Erschwerend kommt hinzu, dass bei der Krankenhausbelegung – als einem zentralen Indikator – noch immer nicht klar ist, was genau er eigentlich anzeigen soll: Über die Gefährlichkeit des Virus lassen sich daraus kaum Ableitungen bilden. In der Statistik werden heute hauptsächlich Menschen erfasst, die mit Corona als Nebendiagnose in einem Krankenhausbett liegen. Das muss sich dringend ändern: Es braucht endlich bessere Daten! Berlin sollte dafür nicht auf Ankündigungsminister Karl Lauterbach (SPD) warten, sondern selbst aktiv werden.
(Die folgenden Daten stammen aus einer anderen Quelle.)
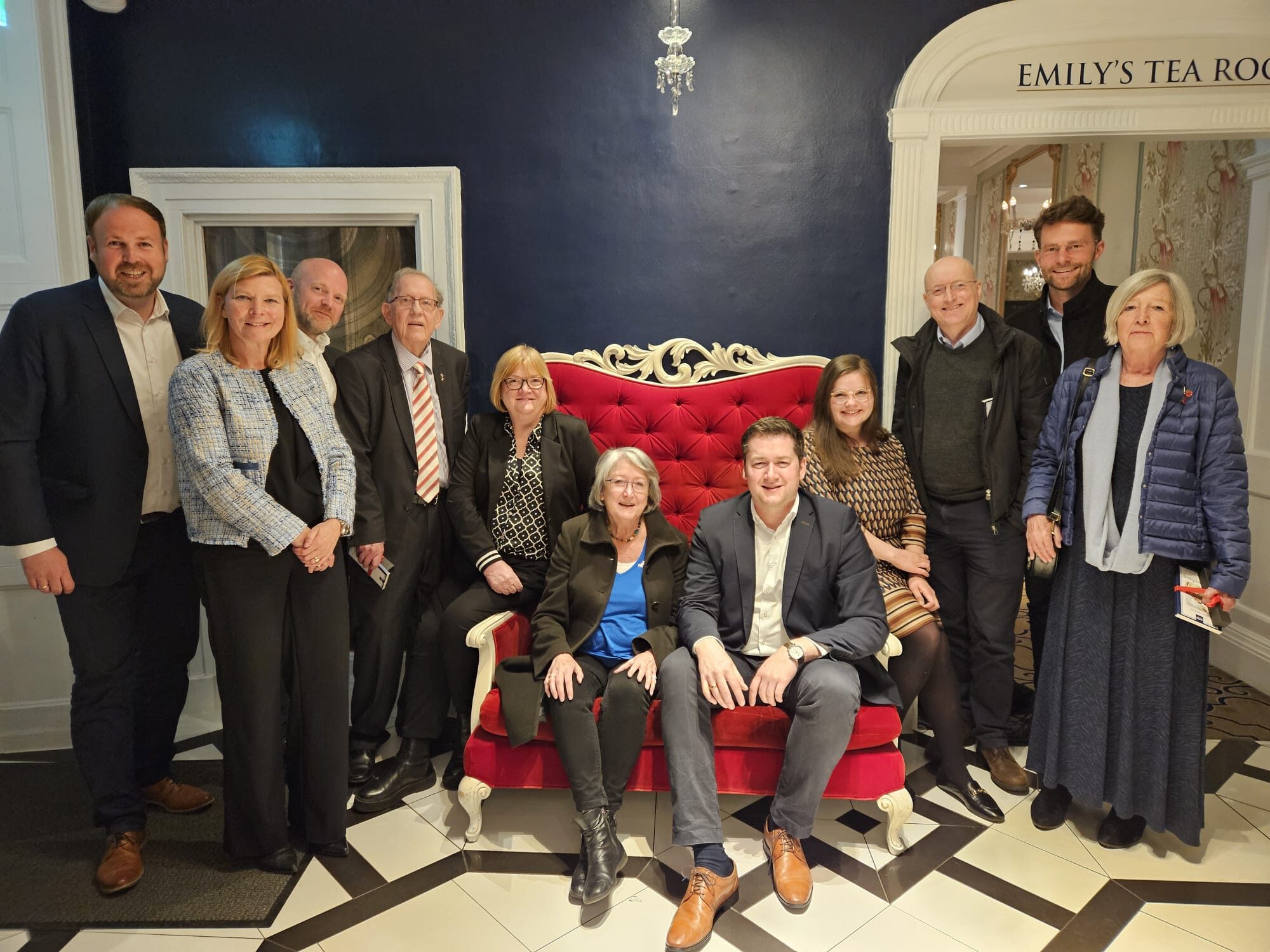 Treffen mit Mitgliedern der Bath-Braunschweig-Twinning Association. (Wird bei Klick vergrößert)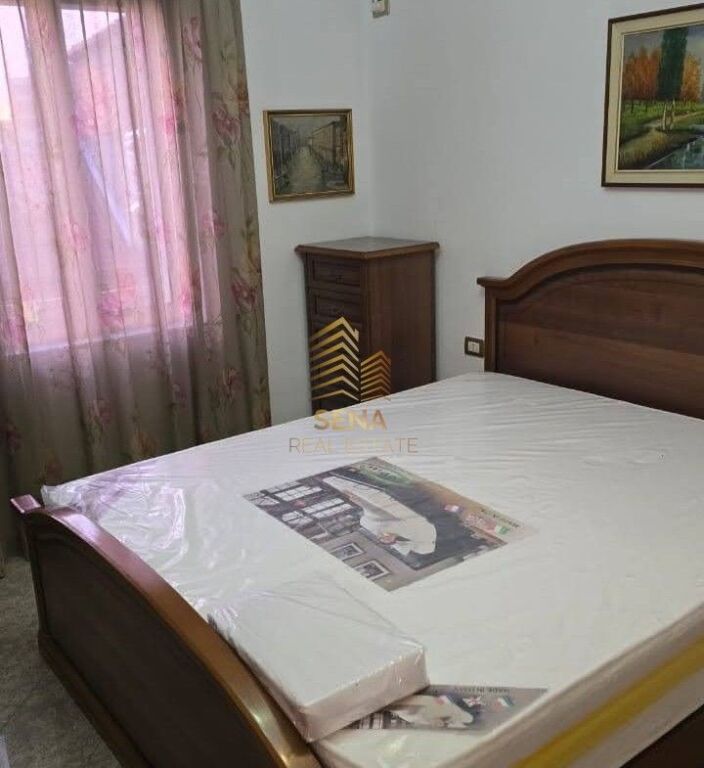 Affitto, Appartamento 2+1, Via Dibra/ Medreseja, 55.000 Lek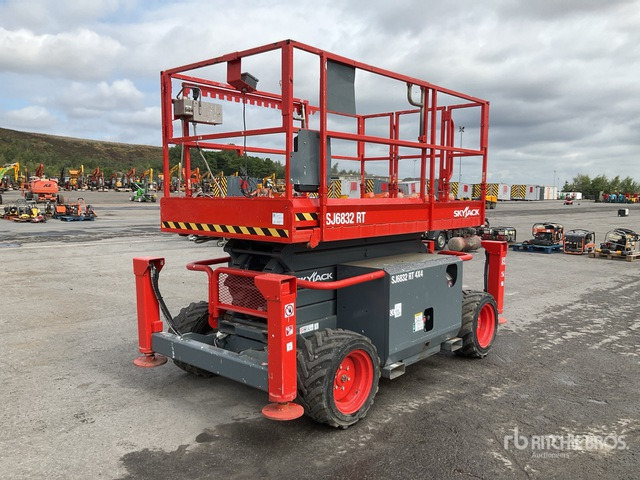 2015 Skyjack SJ6832 RT 4x4 Diesel Scissor Lift - Ножичний підйомник: фото 3 2015 Skyjack SJ6832 RT 4x4 Diesel Scissor Lift - Ножичний підйомник: фото 3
Es ist doch so: Auch eine notwendige Maskenpflicht ist eine Freiheitseinschränkung, die nachvollziehbar begründet werden muss. Das gilt nach zweieinhalb Jahren Pandemie mehr denn je. Die Zeit, in der Corona-Politik einfach als alternativlos deklariert werden konnte, ist lange vorbei. Das gilt auch für richtige und milde Mittel wie die Maske.